Alla domenica tutti accorrono al famoso mercatino delle pulci dove il vintage la fa da padrone ma non mancano bancarelle per tutti i gusti, stampe, vestiti, fotografie e molto altro.
Procedendo si entra nel cuore di Shoreditch, il quartiere più hipster di Londra.



Qui troviamo interessanti librerie come Artwords Bookshop, negozi di abbigliamento vintage e locali alternativi. Abbiamo deciso di pranzare e di provare il sunday roast al Blacklock, un enorme ristorante affollato da giovani londinesi.
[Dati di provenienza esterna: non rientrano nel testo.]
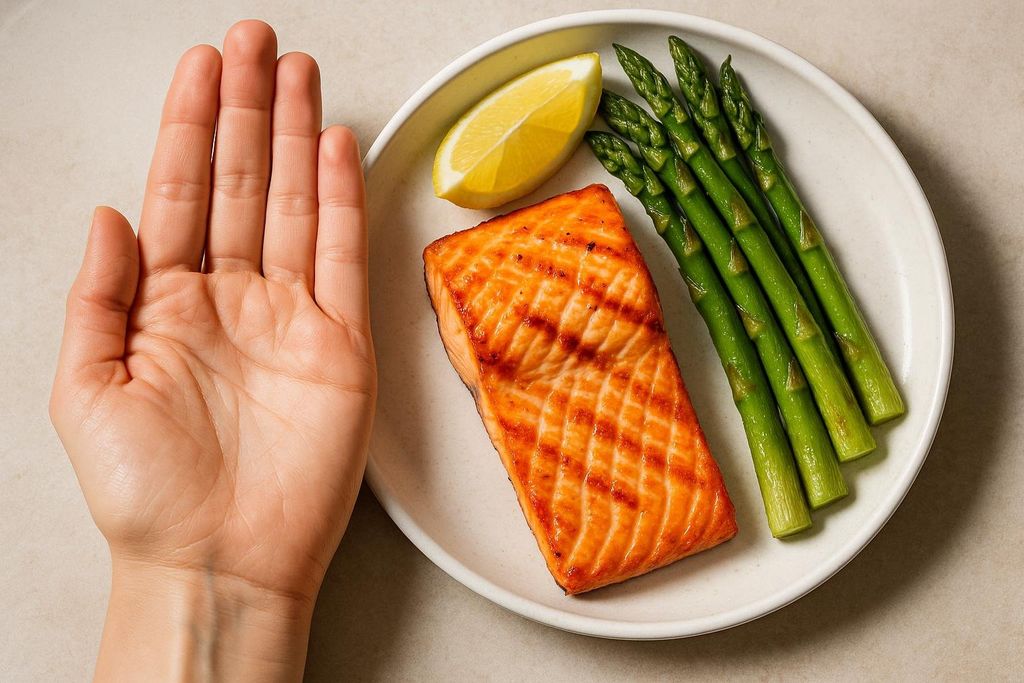 A human hand held up beside a plate showing a grilled salmon fillet, a lemon wedge, and steamed asparagus. The salmon portion is approximately the size of the palm, demonstrating a visual guide for protein intake.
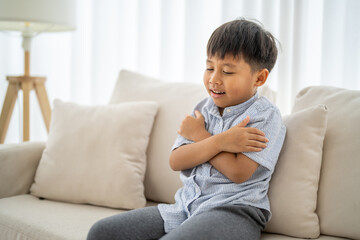 Asian boy feeling chills or sickness, recovering from illness, cold and unwell, child health care in winter, fever symptoms and rsv virus, health care, body cold at home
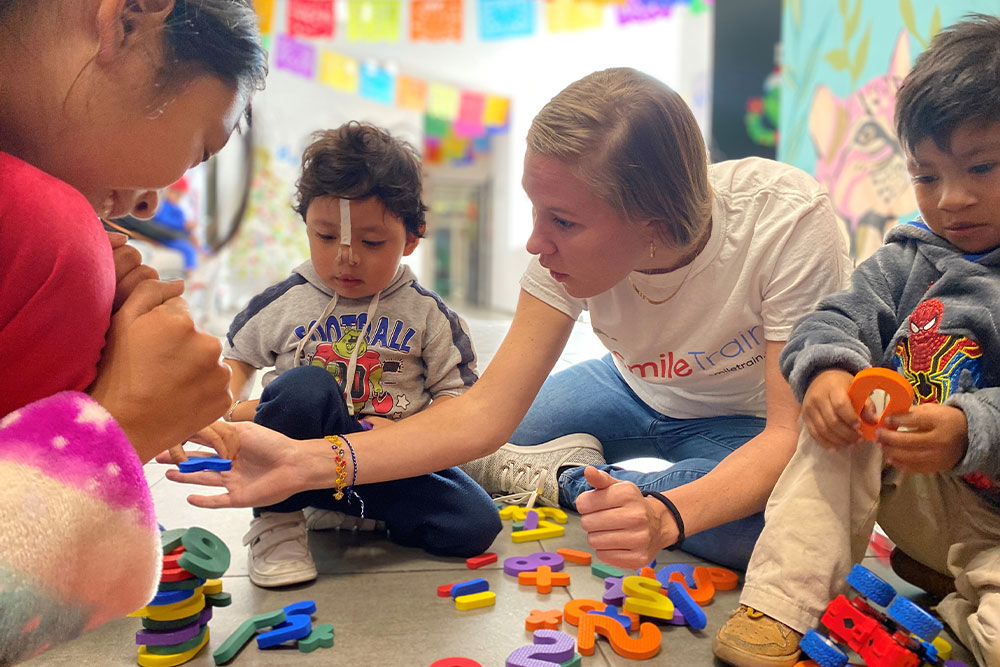 Sara playing with Smile Train patients
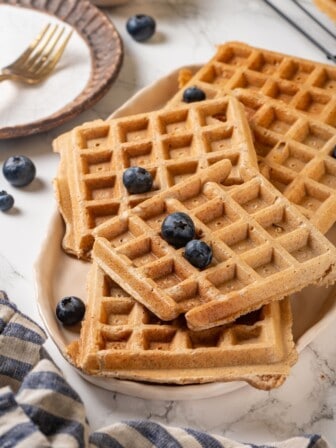Platter of protein waffles topped with blueberries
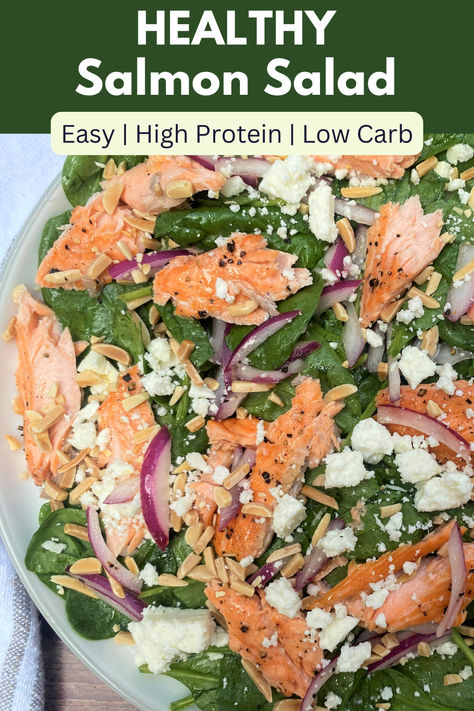 This healthy salmon salad is made with baked salmon,  a light vinagrette, fresh spinanch, red onion, feta and sliced almonds. It's a deliciously simple salad that's perfect for lunch or dinner. Salmon Salad Healthy, Best Salmon Salad Recipe, Recipes Using Lox Salmon, Healthy Salads With Protein, Mediterranean Salmon Salad, Shredded Salmon Recipes, Cold Salmon Recipes, Smoked Salmon Lunch Ideas, Salmon And Spinach Recipes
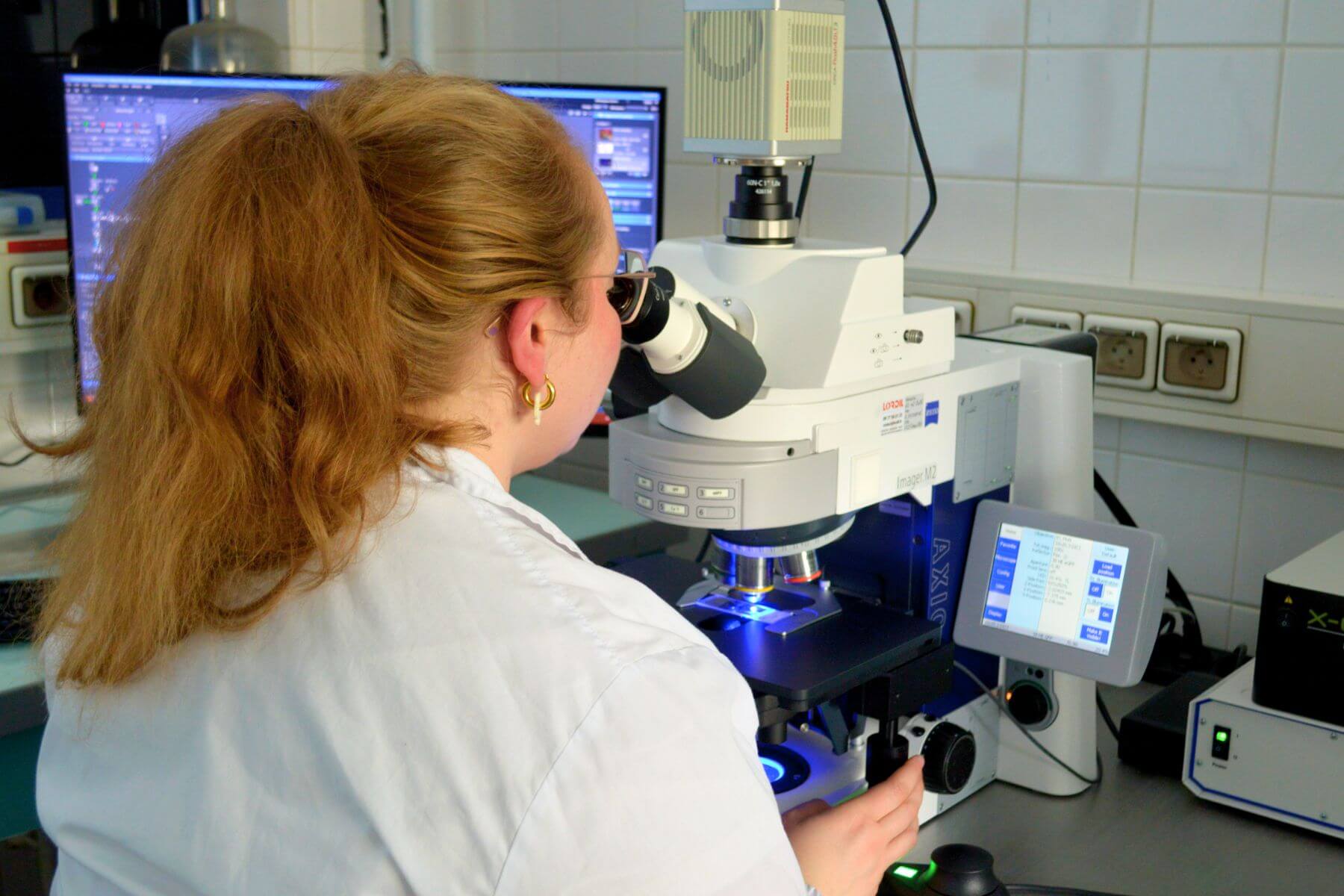 scientist working on bio Analyses with microscopy Immunoassay result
A proposito di tradizione culinaria, di sicuro non si visita l'Inghilterra per il cibo: fish and chips, mashed potatoes e pudding non sono di certo i nostri piatti preferiti. Essendo però Londra, una metropoli internazionale,  abbiamo colto l'occasione per assaggiare cucine diverse.
Data la ricca comunità indiana abbiamo provato il ristorante Spice Cafè Namaste, non male. Ottimo il ristorante francese Cabotte, provato un venerdì sera quando tutti i ristoranti di Londra erano riservati per una cena aziendale.
Per una colazione da campioni il nostro consiglio è Grounded situato a Whitechapel, fortunatamente a pochi passi dal nostro hotel. Noi abbiamo provato i french toast ma ci sono molti piatti a base di uova.


Tre giorni a Londra sono stati davvero pochi e siamo ripartiti con il desiderio di scoprire altri quartieri. Fortunatamente con sole due ore di volo Londra è raggiungibile, speriamo che dopo la Brexit non diventi più costosa di quanto lo sia ora.